Others found it questionable that Ford—who was preparing to level sexual assault allegations against a nominee to the Supreme Court—took a polygraph test in August and hired lawyers to represent her before sharing her account with the committee.

“Hiring a lawyer and taking a polygraph makes me more suspicious,” South Carolina Republican Senator Lindsey Graham told HuffPost reporter Igor Bobic. Graham also said he found the gaps in Ford's memory potentially discrediting, pointing out that she couldn't remember exactly how she got the party where the alleged assault occurred, or "how she left."

“She seems like a —something happened to this woman," Graham continued. "The question for me is, I’ve got a man who’s lived a credibly productive life adamantly denying it. And a lot of the details, I don’t know how you fill them in.” Graham, according to Crooked Media Editor-in-Chief Brian Beutler, went on to argue that Democrats are never accused of sexual misconduct, and said that if Kavanaugh's nomination doesn't go through, Republicans will try to dig up accusations against the party's nominee to, as Beutler reported, "even the score."

Charlie Kirk, the founder of right-wing organization Turning Point USA, echoed Graham's suspicions over Ford's polygraph test, which was administered by the FBI.

Advertisement

"Dr. Ford doesn’t know who paid for her polygraph," he tweeted, "a likely expensive procedure at an offsite location, near an airport, done secretly, without knowing who paid for it.

"Who is paying for her lawyers? Who is paying for all of this?" he added. "There is something else going on here."

As of Thursday afternoon, President Donald Trump hadn't yet publicly weighed in on the hearing, though he'd made clear during a Wednesday press conference that he thinks Ford is lying.

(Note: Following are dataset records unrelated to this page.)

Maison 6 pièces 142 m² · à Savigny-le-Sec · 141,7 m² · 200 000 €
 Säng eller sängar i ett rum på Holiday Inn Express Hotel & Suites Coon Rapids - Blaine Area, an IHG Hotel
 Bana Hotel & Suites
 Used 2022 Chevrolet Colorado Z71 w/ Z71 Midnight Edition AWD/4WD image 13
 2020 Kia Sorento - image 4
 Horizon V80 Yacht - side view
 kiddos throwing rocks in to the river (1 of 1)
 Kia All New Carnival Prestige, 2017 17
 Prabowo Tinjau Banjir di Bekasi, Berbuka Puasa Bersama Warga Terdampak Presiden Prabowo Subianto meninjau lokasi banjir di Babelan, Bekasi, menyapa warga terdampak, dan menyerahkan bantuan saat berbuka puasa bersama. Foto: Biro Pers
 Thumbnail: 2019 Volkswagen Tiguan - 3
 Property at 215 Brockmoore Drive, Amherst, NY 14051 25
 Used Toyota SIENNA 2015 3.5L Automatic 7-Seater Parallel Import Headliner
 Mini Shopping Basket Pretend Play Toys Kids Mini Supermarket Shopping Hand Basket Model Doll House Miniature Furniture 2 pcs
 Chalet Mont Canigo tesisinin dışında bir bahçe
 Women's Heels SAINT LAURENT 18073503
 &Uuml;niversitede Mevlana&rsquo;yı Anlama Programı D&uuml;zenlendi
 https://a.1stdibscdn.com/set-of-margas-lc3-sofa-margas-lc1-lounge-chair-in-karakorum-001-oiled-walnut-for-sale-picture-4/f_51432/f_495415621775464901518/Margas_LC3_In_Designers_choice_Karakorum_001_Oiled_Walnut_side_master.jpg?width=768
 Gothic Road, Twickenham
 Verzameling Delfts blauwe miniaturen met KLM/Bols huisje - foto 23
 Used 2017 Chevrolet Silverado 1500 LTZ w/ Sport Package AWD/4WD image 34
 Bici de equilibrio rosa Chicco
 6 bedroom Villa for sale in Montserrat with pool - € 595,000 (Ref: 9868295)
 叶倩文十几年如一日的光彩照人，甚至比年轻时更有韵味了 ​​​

"I view it differently than somebody sitting home watching television where they say, 'Oh, Judge Kavanaugh, this or that,'" Trump told reporters. "It's happened to me many times. I have had many false charges. … So when you say does it affect me in terms of my thinking with respect to Judge Kavanaugh? Absolutely, because I've had it happen many times."

The president may not believe Ford, but reports suggest he's at least somewhat worried other people will. Vanity Fair's Gabriel Sherman reported Thursday that Trump was "furious" with his White House aides because they didn't have "advance knowledge of how credible Ford would seem."